At the time, it was my favorite post. And yes, for its day, it was pretty splendid. Alas, now, when I look at it, I find it cringe-worthy. The text was a little ponderous, and most of the photos weren’t that great, either.
I’m in the process of redoing many of the old posts. Usually, I delete them as soon as I’ve created the new version.
Then, the old URL gets redirected to the new post. I have a plugin that makes that super easy for me.
The other reason for redoing old posts is to keep it fresh for Mr. Google.
He likes that. Plus, there are over 750 blog posts. This is a BIG website. I’ve been told that it is better not to let it get too much more extensive. So, the only way to do that is to get rid of the dead weight. This is the sort of information you’ll find in my Six-Figure Income Blogging Guide.
This guide is for anyone who has a website and wants to get the most out of it.
Okay, let’s move on and discuss what Chinoiserie IS?
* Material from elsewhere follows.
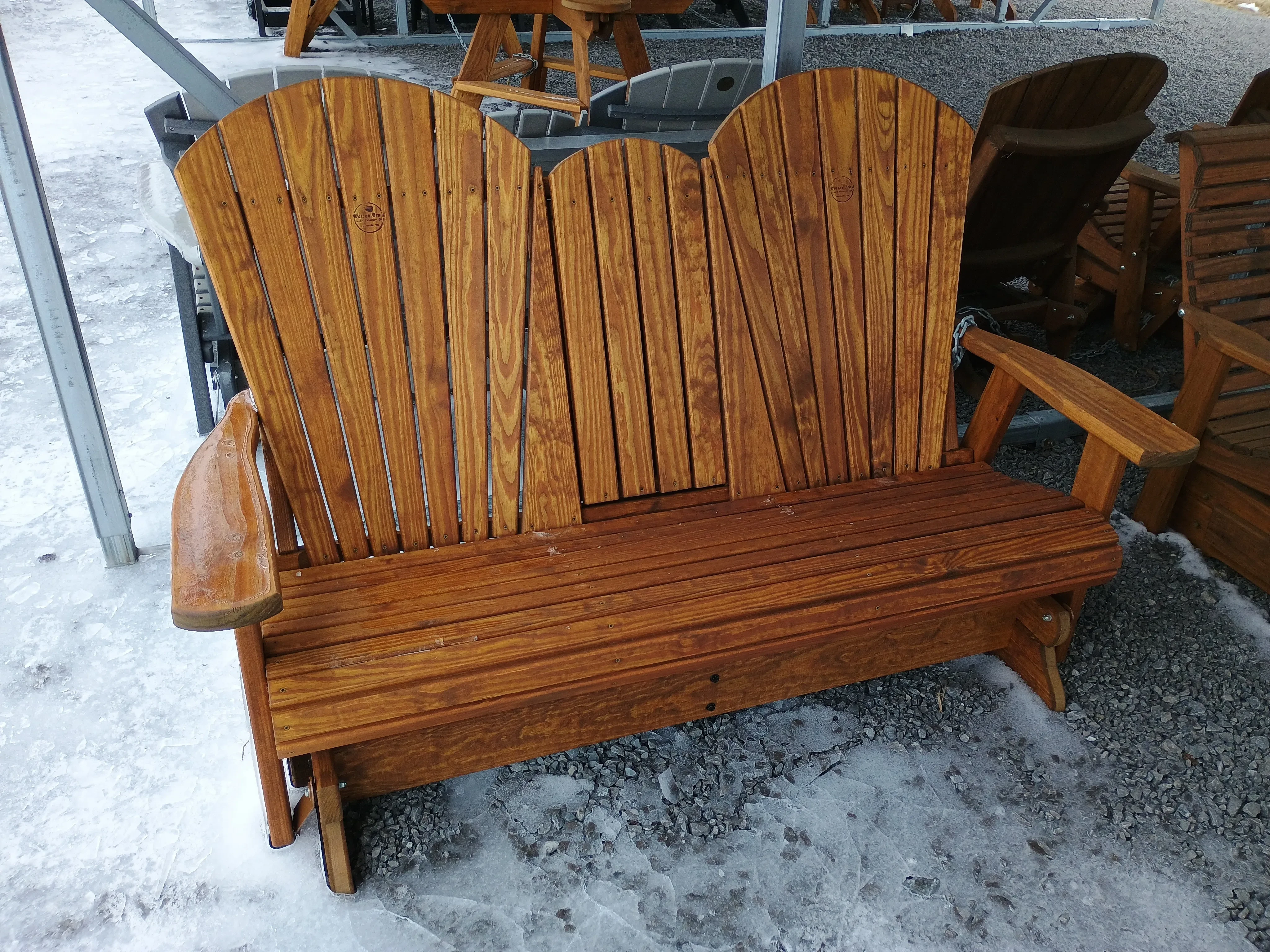 a wood stained bench with a center console in the up position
Well, for those who don’t already know, the assumption that it has something to do with China is correct.
And, today, many items such as porcelains and furniture are manufactured in China. Or, if vintage or antique, sourced in China. Those items are definitely Chinese.
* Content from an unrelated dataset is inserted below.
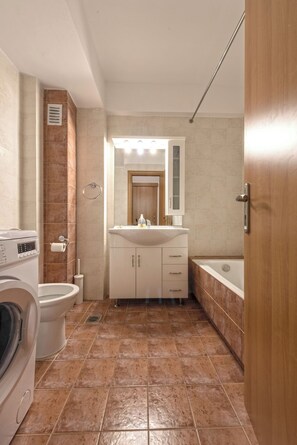Ein Badezimmer mit Waschmaschine, Toilette, Waschbecken und Badewanne.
However, much of what we call Chinoiserie is European, not Asian.
Chinoiserie is a French word that refers to a EUROPEAN artistic style that reflects Chinese influence and is characterized by using a fanciful, romanticized version of how Europeans IMAGINED people in the far east to be and live. So, what we think of as “Chinese” is often actually European! Who knew?
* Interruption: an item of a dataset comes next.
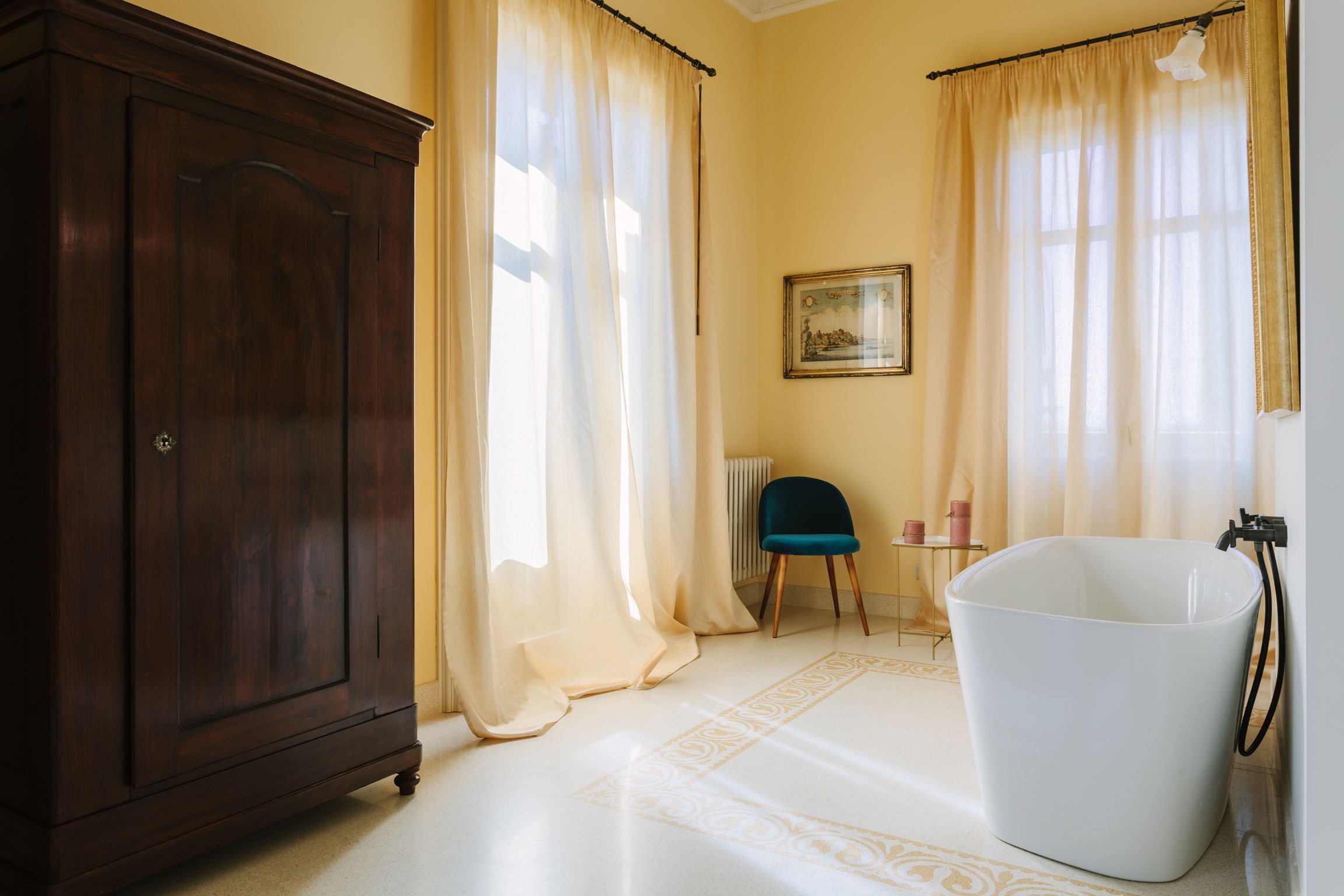 Una habitación con un armario grande de madera, una bañera blanca y cortinas color crema.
Above, in this glorious painting by Francois Boucher, “The Chinese Garden, (Le Jardin Chinoise)” c 1742. This is an excellent example of fictitious rendering that artists like Boucher imagined life in China were like in the 18th century.
Please note that the painting characters look about as Asian as I did when I performed in The Mikado back in 1977.
Yes, I was in show business. If you’d like to learn some other inconsequential information about my youth, please go here.
But, getting back to Chinoiserie decor, I have a short story for you.
Years ago, I showed some of my favorite clients a Chinoiserie toile wallpaper I thought would be perfect for their dining room. Sorry, I can’t remember which one at this point. I probably sent them the image via email. On our next visit, I asked them what they thought of the paper.
Well, they thought the paper was wonderful; however, they wouldn’t dream of having anything on their walls with Asian people as some of their friends were Chinese, and they would certainly be offended.
At the time, I saw their point entirely. But, what I didn’t know then was that what was on the paper was a European’s fantasy bearing little, if any, resemblance to reality.
mid-eighteenth century painted silk panel – Chinoiserie wallpaper panel – via @nicolefabredesigns – Instagram
When and how did Chinoiserie begin? Well, remember that guy, Marco Polo?
In the 14th century, he traveled to the Orient by making several trips via the “silk road.” After a lengthy stay in China, he brought back not only silks, porcelains, and other exotic goods but also fanciful stories of pagodas, unusual dress, and an exotic race of people.
This incredibly intrigued the Europeans, particularly the English aristocracy, who grew to covet everything Chinese.
I’m not sure what happened in the gap years; however, Chinoiserie was all the rage in the 17th and 18th centuries.
Whimsical Oriental scenes with fantastical decorative details – Chinese people in elaborate robes with coolie* hats, long ponytails and mustaches, along with intricately detailed pagodas, layered with fretwork, bells, and tassels; or exotic animals such as monkeys, lions, and elephants in costume were all aspects of this fantasized depiction of Asian life.
* Please note:
Every time I mention the word, Coolie, I am met with one or two hateful folks chastising me for using this word.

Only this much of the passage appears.